Filippo Caccamo è un attore, un comico, un artista e un docente. Ispirandosi alla vita quotidiana degli insegnanti – la conosce indirettamente da fin da bambino visto che è pure figlio di un dirigente scolastico – crea video e spettacoli dal vivo che coinvolgono e divertono il pubblico. La sua arte non si basa su battute ma sul ritratto della realtà. La sua esperienza come insegnante di Lettere gli ha permesso di cogliere le dinamiche umane che si sviluppano tra docenti e alunni e di portare sul palco la realtà della scuola.

Dai dibattiti in classe alle conversazioni tra gli insegnanti, dai comportamenti degli studenti durante le lezioni alle richieste dei genitori, Caccamo rappresenta tutto ciò che fa parte della vita di un insegnante in modo divertente e ironico. La sua intenzione è quella di rendere la scuola meno solitaria e più accettabile per docenti, studenti e genitori.

“Mi fa molto piacere – ci spiega – quando alla fine dello spettacolo – arriva qualcuno che non insegna e che mi dice: mi hai fatto diventare simpatica la scuola”. Con i suoi contenuti esposti durante gli spettacoli, che sono sempre sold out – Caccamo vuole far sentire gli insegnanti, gli studenti e i genitori meno soli nell’affrontare la realtà della scuola. Insegnava a Lodi. Il professore attore – “non era possibile lavorare e contemporaneamente stare in giro nei miei tours – ma ci rivela che non è detto che prima o poi io non torni a insegnare. Intanto sto maturando i crediti e quello che faccio oggi non è un piano b rispetto a quello che facevo prima”.
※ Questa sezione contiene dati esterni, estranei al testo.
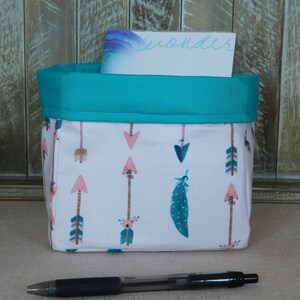 May include: A teal fabric storage bin with a pink and white arrow print. The bin has a teal fabric top and is sitting on a wooden surface. A pen is in front of the bin.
Ieri l’altro è stato premiato presso la Camera dei Deputati a Roma dal Moige, il Movimento Italiano Genitori, per aver dato vita a un originale percorso social seguito da studenti e docenti, che si divertono e ritrovano nei simpatici siparietti la loro quotidianità”.

Filippo, spiega il Moige, “racconta la nostra società, quella semplice che è sotto gli occhi di tutti alla quale forse siamo così abituati da bon vederla più, prendendoci e prendendosi in giro”.

La premiazione è avvenuta all’interno della preesntazione annuale della Guida “Un anno di zapping e di streaming“, quest’anno digitale, che ha analizzato 300 prodotti e ha redatto le sue pagelle: 49 in tutto i riconoscimenti assegnati ai contenuti family friendly,

Obiettivo del Moige è far sì che la tv e la rete diventino fonti di apprendimento e forma di educazione, soprattutto alla luce degli ultimi fatti di cronaca che ne mettono sempre più in evidenza i pericoli e i rischi.

Filippo ha insegnato per due anni a Lodi, dove vive. Ma pochi sanno che è originario calabrese, da Reggio Calabria città, reggino come chi lo sta intervistando, e come lui tifoso della Reggina di mister Inzaghi.

È così, Filippo Caccamo?

“Certo. Forza Reggina! Ricordo i tempi di Cozza, di Taibi e degli altri. Oggi ho molta fiducia in Pippo Inzaghi”

Intanto, in attesa di futuri successi calcistici del cuore, complimenti per il successo suo, reale. E ieri l’altro ha pure ricevuto un premio alla Camera dei Deputati da parte del Moige, il Movimento italiano genitori.

“E’ stata una giornata pazzesca con il Moige. I quali hanno dato a me a rita dalla chiesa pivetti V e varie categorie premi il contenuto educativo e pulito. Cosa molto bella perché il punto di vista degli insegnanti è stato apprezzato anche questo livello pure dei genitori ed è un primo passo nel superamento della guerra tra insegnanti e genitori”.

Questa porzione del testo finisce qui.